Hopkins vs Taylor Pre-Fight Analysis
By Michael Amakor
On July 16th, Undisputed
Middleweight Champion of the world Bernard "The Executioner" Hopkins defends
his WBA, WBC,WBO and IBF titles against WBC Continental Americas
Middleweight Champion Jermain “Bad Intentions” Taylor at the MGM Grand Hotel
and Casino in Las Vegas, Nevada on HBO in a fight Labelled Next in Line.
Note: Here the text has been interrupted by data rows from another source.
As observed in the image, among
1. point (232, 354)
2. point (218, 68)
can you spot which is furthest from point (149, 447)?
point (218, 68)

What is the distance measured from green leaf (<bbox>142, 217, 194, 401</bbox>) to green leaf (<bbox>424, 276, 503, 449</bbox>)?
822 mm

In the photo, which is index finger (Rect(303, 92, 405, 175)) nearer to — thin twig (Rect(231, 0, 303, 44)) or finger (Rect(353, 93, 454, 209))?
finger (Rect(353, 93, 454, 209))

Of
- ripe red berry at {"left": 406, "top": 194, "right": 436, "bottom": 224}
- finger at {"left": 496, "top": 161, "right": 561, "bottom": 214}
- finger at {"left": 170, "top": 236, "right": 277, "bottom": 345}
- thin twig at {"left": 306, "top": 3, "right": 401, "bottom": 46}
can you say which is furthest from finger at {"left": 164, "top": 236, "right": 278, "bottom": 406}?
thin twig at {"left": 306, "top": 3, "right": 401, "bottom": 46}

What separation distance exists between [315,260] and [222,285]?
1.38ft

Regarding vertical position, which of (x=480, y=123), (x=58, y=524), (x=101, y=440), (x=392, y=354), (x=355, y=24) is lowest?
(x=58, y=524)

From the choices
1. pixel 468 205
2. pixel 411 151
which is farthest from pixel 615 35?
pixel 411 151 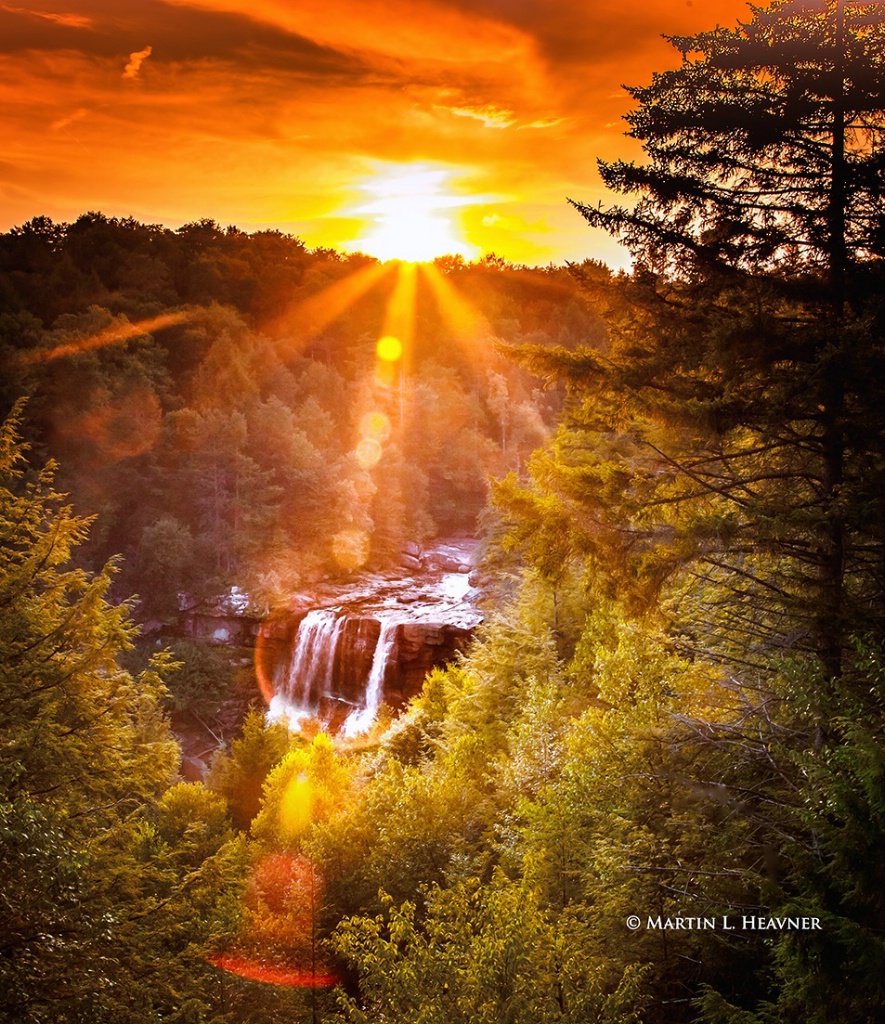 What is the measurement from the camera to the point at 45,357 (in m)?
38.4

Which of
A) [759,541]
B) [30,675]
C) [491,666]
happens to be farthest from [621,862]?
[491,666]

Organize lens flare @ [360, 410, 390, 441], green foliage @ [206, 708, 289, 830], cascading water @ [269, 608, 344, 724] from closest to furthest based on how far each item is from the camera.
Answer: green foliage @ [206, 708, 289, 830]
cascading water @ [269, 608, 344, 724]
lens flare @ [360, 410, 390, 441]

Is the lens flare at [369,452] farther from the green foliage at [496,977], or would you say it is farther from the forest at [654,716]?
the green foliage at [496,977]

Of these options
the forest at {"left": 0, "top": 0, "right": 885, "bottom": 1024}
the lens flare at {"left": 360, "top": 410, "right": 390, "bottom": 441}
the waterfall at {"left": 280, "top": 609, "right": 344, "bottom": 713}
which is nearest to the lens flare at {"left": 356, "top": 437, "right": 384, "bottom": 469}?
the lens flare at {"left": 360, "top": 410, "right": 390, "bottom": 441}

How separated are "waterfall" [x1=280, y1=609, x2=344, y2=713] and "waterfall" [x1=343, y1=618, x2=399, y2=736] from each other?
217 cm

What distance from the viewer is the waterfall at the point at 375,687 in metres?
31.5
The Executioner first made me his fan with his thrilling and brutal stoppage
of skilled southpaw Joe "The Sledgehammer" Lipsky in the 4th round back in
1996, you had to see that knockout as Hopkins suddenly stepped back and
unleashed a blur of vicious uppercuts that absolutely stopped Lipsky dead on
his feets,Hopkins showed killer instinct by immediately putting together a
combination that sent the sledgehammer to the canvas almost unconscious
prompting the experienced Referee - Mitch Halpern to wave off the fight even
before Lipsky’s head had touched the canvas, Joe Lipsky has not fought again
since that knockout.
Another thing that endeared me to Hopkins was his ring entrance, which is
quite tame now, but back in 1996 it was a menacing spectacle to behold, he
usually walked slowly into the ring cloaked in an executioners mask with an
entourage of burly masked bodyguards who carried his swords, battle axes,
and Championship belts right behind him like a funeral procession, that
along with his hard core eloquencial ponitifications was truly inspiring, I
knew after that fight that this guy was on a mission and he could really
Back then he let the world know that he was not getting the best fights
because no one wanted to fight him, he wanted to fight Roy Jones in a
rematch and urged Don King,to work with his then promoter Butch Lewis who
had labeled him the Hagler of the nineties when signing him up, to get him
career defining fights. He finally got the chance to showcase his skills,
five years later, when he competed in the Don King sponsored Middleweight
unification series by stopping legendary Felix Trinidad in the eleventh
round to become the unified Middleweight King.
Three years later he went on to stop Oscar De la Hoya with a single
devastating body shot to annex the WBO version of the middleweight to claim
absolute supremacy of the division. He has also surpassed Carlos Manzon's
title defense record with 20 title defenses of his own, and has crushed the
likes of Antwun Echols, and former champions Keith Holmes, Simon Brown,
Segundo Mercado and recently dethroned Light Heavyweight King Glen Johnson.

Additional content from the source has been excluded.